START Listed entries
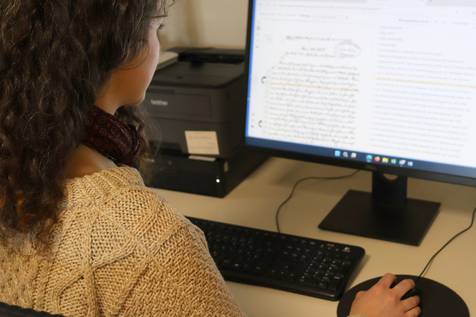 Foto von Eileen am Computer bei der Arbeit an einem Dokument.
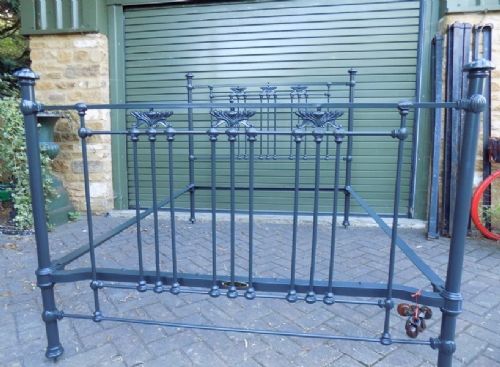 A Victorian dark grey painted iron bedstead with vertical spindles, decorative cast ornamentation, and post finials. View III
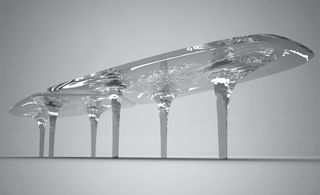 The new tables resemble plates of moving ice, complete with legs akin to furrowing tunnels of water, draining down from the surface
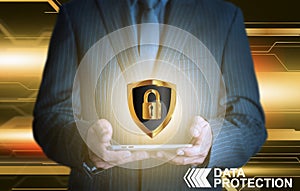 Businessman holding tablet data protection shield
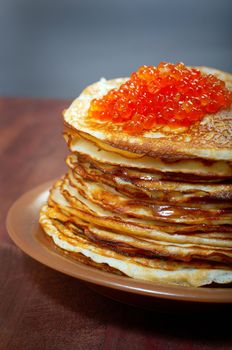 Traditional Russian pancakes  with red caviar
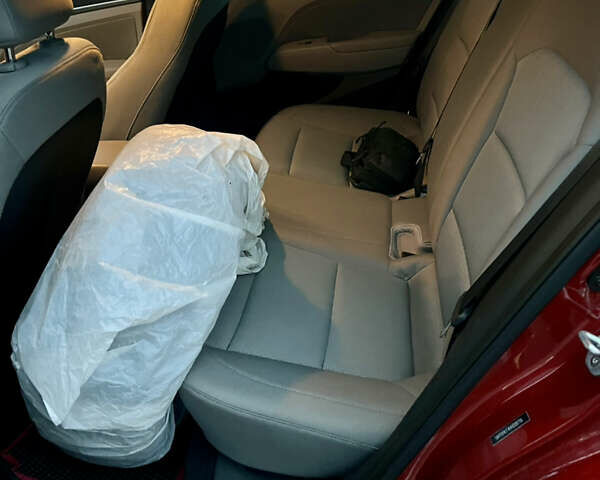 Красный Хендай Элантра, объемом двигателя 2 л и пробегом 182 тыс. км за 11500 $, фото 16 на Automoto.ua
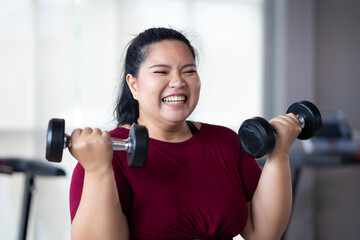 Young woman exercising with dumbbells. beautiful young chubby overweight woman wearing sporty fitness clothes doing exercise indoors at gym fitness sport club, body and health care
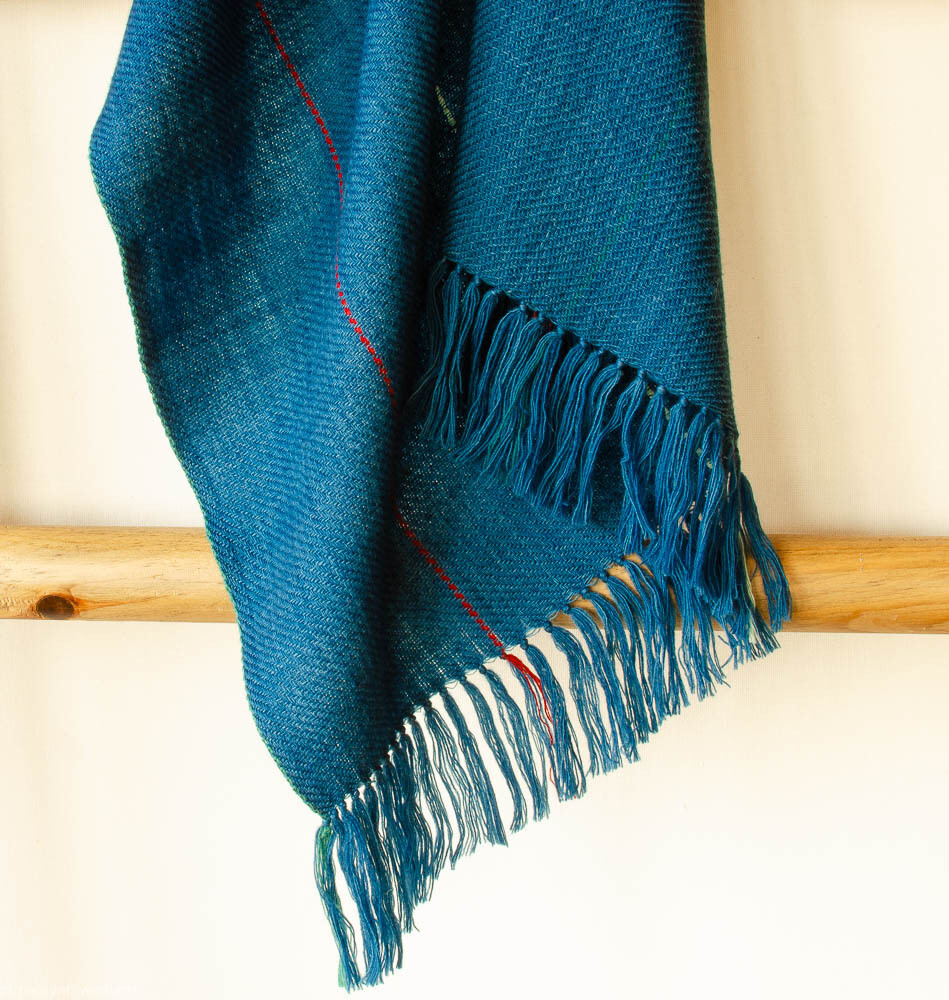Hand-woven woolen stole dyed with madder, indigo, tea and tesu flowers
END Listed entries
• _Prompt_
Your answer must be a verbatim copy of the entries above, with no images included.

• _Output for this task_
 Foto von Eileen am Computer bei der Arbeit an einem Dokument.
 A Victorian dark grey painted iron bedstead with vertical spindles, decorative cast ornamentation, and post finials. View III
 The new tables resemble plates of moving ice, complete with legs akin to furrowing tunnels of water, draining down from the surface
 Businessman holding tablet data protection shield
 Traditional Russian pancakes  with red caviar
 Красный Хендай Элантра, объемом двигателя 2 л и пробегом 182 тыс. км за 11500 $, фото 16 на Automoto.ua
 Young woman exercising with dumbbells. beautiful young chubby overweight woman wearing sporty fitness clothes doing exercise indoors at gym fitness sport club, body and health care
Hand-woven woolen stole dyed with madder, indigo, tea and tesu flowers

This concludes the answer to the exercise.